I would like to know whether something similar holds in this situation:
$$F(t):=\int_0^t \int_0^s f(t-s,s-k)u(s)u(k) dk ds.$$ 
This is still a one-dimensional object, but it looks somehow like a double convolution. Thus, can we say anything about the Laplace transform of this object?
If you have any questions, please let me know.

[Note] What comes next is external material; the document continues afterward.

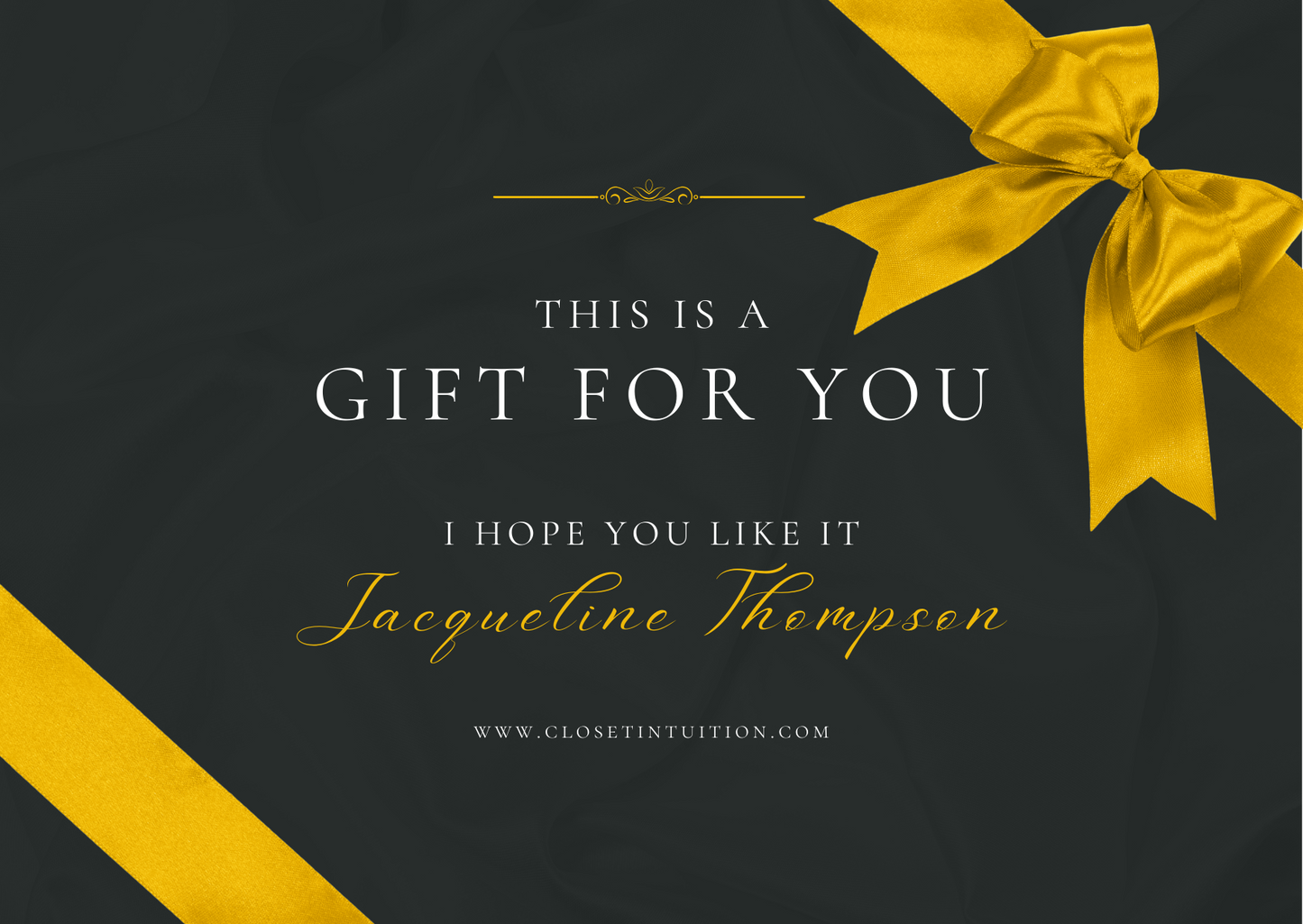 Gift Cards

 A: Just to simplify the notation, I use that $u(s)$ and $f(t,s)$ vanish for $s<0$ or $t<0$, so I can remove the integration bounds and all integrals run from $-\infty$ to $\infty$. I might then as well take a Fourier transform instead of a Laplace transform, ${\cal F}(\omega)=\int e^{i\omega t}F(t)dt$. The desired relation between the transforms ${\cal F}(\omega)$ of $F(t)$ and the transforms ${\cal F}(\omega,\omega')$ of $f(s,t)$ and ${\cal U}(\omega)$ of $u(t)$ is
$${\cal F}(\omega)=(2\pi)^{-1}\int {\cal F}(\omega,\omega'){\cal U}(\omega'){\cal U}(\omega-\omega')d\omega'.$$
You started out with a double convolution and upon transformation one convolution is left.

Derivation:
$${\cal F}(\omega)=\int e^{i\omega t}f(t-s,s-k)u(s)u(k)dkdsdt =$$
$$\int e^{i\omega \tau}e^{i\omega s}f(\tau,s-k)u(s)u(k)dkdsd\tau =$$
$$\int e^{i\omega \tau}e^{i\omega\sigma}e^{i\omega k}f(\tau,\sigma)u(\sigma+k)u(k)dkd\sigma d\tau =$$
$$(2\pi)^{-1}\int e^{i\omega\tau}e^{i\omega\sigma}e^{i\omega k}f(\tau,\sigma)u(\sigma+k){\cal U}(\omega')e^{-i\omega'k}d\omega'dkd\sigma d\tau =$$
$$(2\pi)^{-1}\int e^{i\omega \tau}e^{i\omega \sigma}f(\tau,\sigma){\cal U}(\omega')u(\sigma+k)e^{i(\omega-\omega')k}d\omega'dkd\sigma d\tau =$$
$$(2\pi)^{-1}\int e^{i\omega \tau}e^{i\omega \sigma}f(\tau,\sigma){\cal U}(\omega'){\cal U}(\omega-\omega')e^{-i(\omega-\omega')\sigma}d\omega'd\sigma d\tau =$$
$$(2\pi)^{-1}\int {\cal F}(\omega,\omega'){\cal U}(\omega'){\cal U}(\omega-\omega')d\omega'.$$